Hydraulic fracturing, or fracking, uses large amounts of water injected into wells under high pressure to help free natural gas and oil from shale deposits (see “Drilling for Shale Gas”). Yet some of the world’s largest sources of shale gas are found in deserts, making the technique seem impractical.
It’s possible to fracture gas-rich rock formations without using any water at all. Indeed, gas and oil companies have been using carbon dioxide this way for decades, albeit on a limited basis. But if this approach is going to be used on a large scale, it will require a major investment in infrastructure for getting carbon dioxide to fracking sites. And in some cases a price on carbon emissions may be the only way to make the economics work.
In the United States, the abundant natural gas made available by fracking has spurred a huge shift to this fuel from coal, reducing greenhouse-gas emissions from power plants (see “Natural Gas Changes the Energy Map”). But shale gas is also plentiful in places such as China, which is estimated to have 50 percent more of this resource than the United States.
Right now carbon dioxide fracking is used in places, like Wyoming, that already have carbon dioxide pipelines. Economics alone could justify building more in some places, says Robert Dilmore, a research engineer at the U.S. National Energy Technology Laboratory.
In other cases building pipelines might require a push from governments. A price on carbon, for example, could create a big supply of cheap carbon dioxide by giving utilities incentive to capture it from power plants’ smokestacks. This might make sense in China, where the best shale gas deposits are in arid areas (see “China Has Plenty of Shale Gas, but It Will Be Hard to Mine”). One of the largest shale gas resources in the world is the Tarim Basin in northeast China, located beneath the Taklamakan Desert—one of the largest sandy deserts in the world, with nearly 300,000 square kilometers of shifting dunes.

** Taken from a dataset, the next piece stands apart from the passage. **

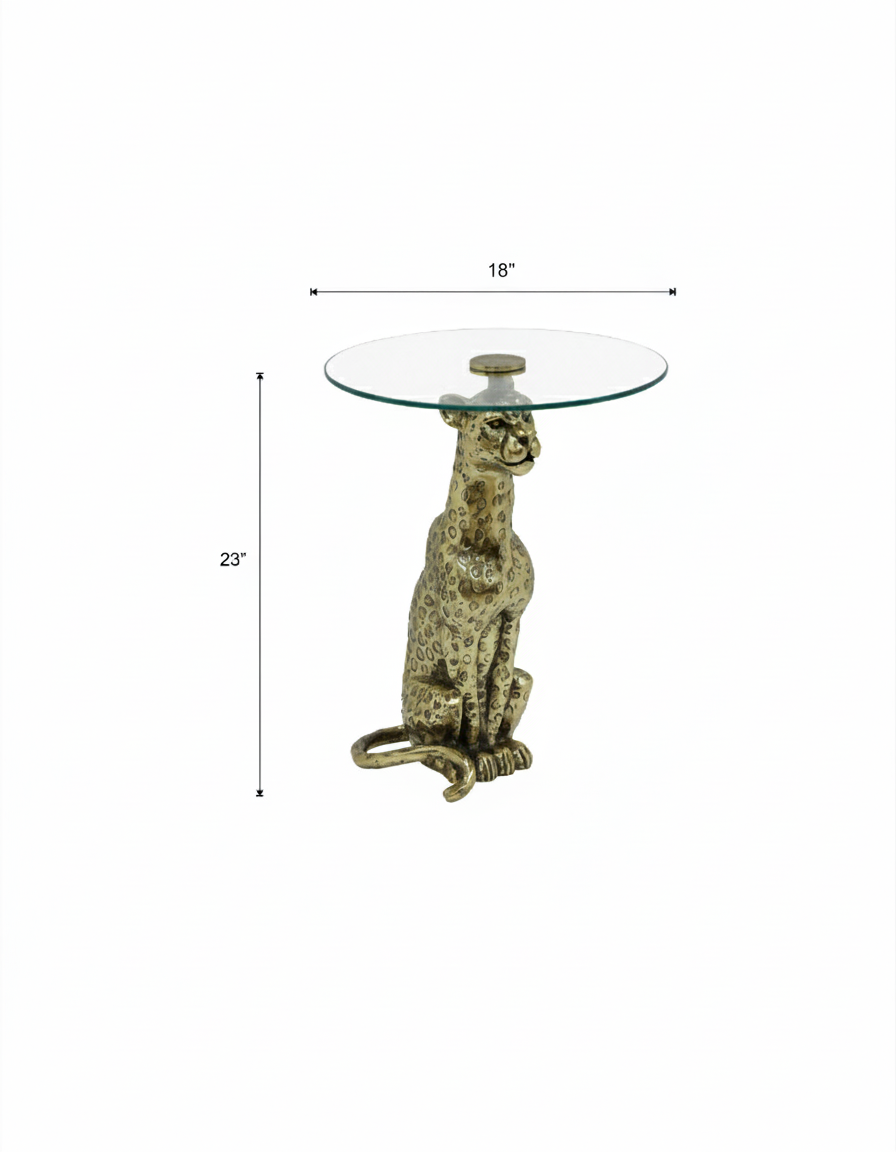 Side Table with Glass Top | Aluminum Base | 18x18x23"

Piping in water would strain already tight supplies. But these days, as China quickly adds to its stock of coal-fired power plants, the country has plenty of carbon dioxide—it’s just not capturing and using it.
Fracking with carbon dioxide has a number of potential advantages. Not only would it eliminate the need for millions of gallons of water per well, it would also eliminate the large amounts of wastewater produced in the process (see “Studies Link Earthquakes to Wastewater from Fracking”).

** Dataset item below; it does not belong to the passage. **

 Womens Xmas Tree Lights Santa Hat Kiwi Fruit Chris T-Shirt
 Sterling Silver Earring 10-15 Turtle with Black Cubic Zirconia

Water-free fracking could also solve other problems. In conventional fracking, half the water pumped into a well flows back to the surface, but the other half stays in the rock formation. The water that’s left behind can block the path of the natural gas, slowing down production and possibly decreasing the total amount a well can produce over its lifetime, Dilmore says.
When carbon dioxide is used instead of water, most of it comes back out of the well (where it can be captured and used again). This in turn allows natural gas to flow out more freely. Some recent research suggests that using carbon dioxide can also result in a better network of fractures, making it easier to extract the fuel. And once infrastructure is in place to deliver carbon dioxide, it can be used to enhance production later in the life of a well. In any shale gas deposit, a large fraction of the natural gas sticks to the shale rather than flowing out. But carbon dioxide has a greater affinity for the shale than natural gas does, so it can be used to displace the fuel and free it from the rock.

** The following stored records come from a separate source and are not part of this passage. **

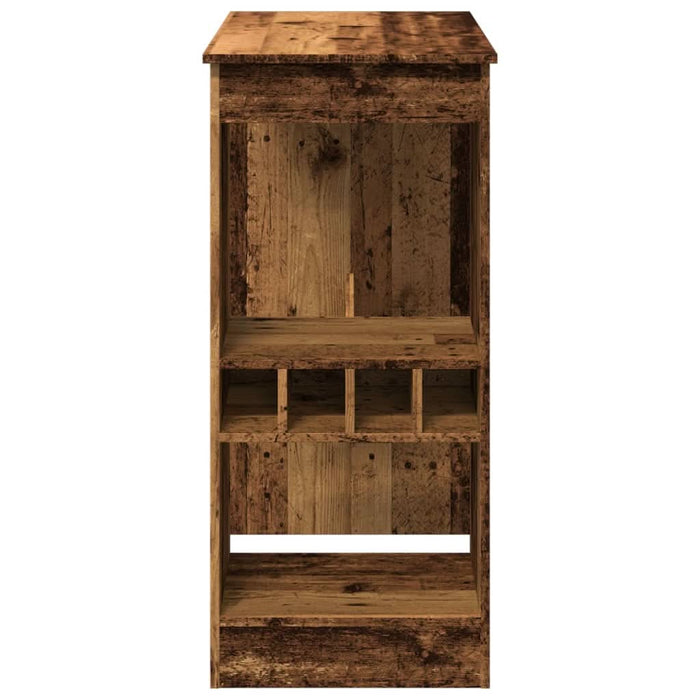 Masă bar cu rafturi lemn vechi 90x47,5x103,5 cm lemn prelucrat - WALTI WALTI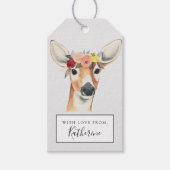 Jouw naam toevoegen | Flower Crown Forester Deer Cadeaulabel (Voorkant)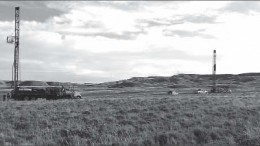 Drill rigs at Strathmore Minerals' Gas Hills uranium project in Wyoming. Photo by Strathmore Minerals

After the well is done producing, it can be sealed up, storing the carbon dioxide permanently underground. That would help reduce greenhouse-gas levels in the atmosphere.
To be sure, carbon dioxide fracking poses many challenges besides the lack of infrastructure. Unlike water, gases are compressible, so it’s more difficult to reach the pressures needed to fracture the rock. Also, the carbon dioxide has to be separated from the natural gas before shipping the fuel to market, which adds to costs. And it will probably never be economical to install carbon dioxide pipelines all the way to every fracking well. Trucks will be needed to convey the carbon dioxide the last mile—more trucks than would be needed with water fracking. That could increase local noise, pollution, and road damage.
In some places, especially where water is relatively abundant, there may never be a compelling reason to switch. Grant Bromhal, another research engineer at NETL, says he expects water-based fracking will continue to dominate, but that could change if carbon dioxide’s advantages become overwhelming. “My crystal ball isn’t clear enough,” he says. “There’s still a lot to be learned about these shale formations.”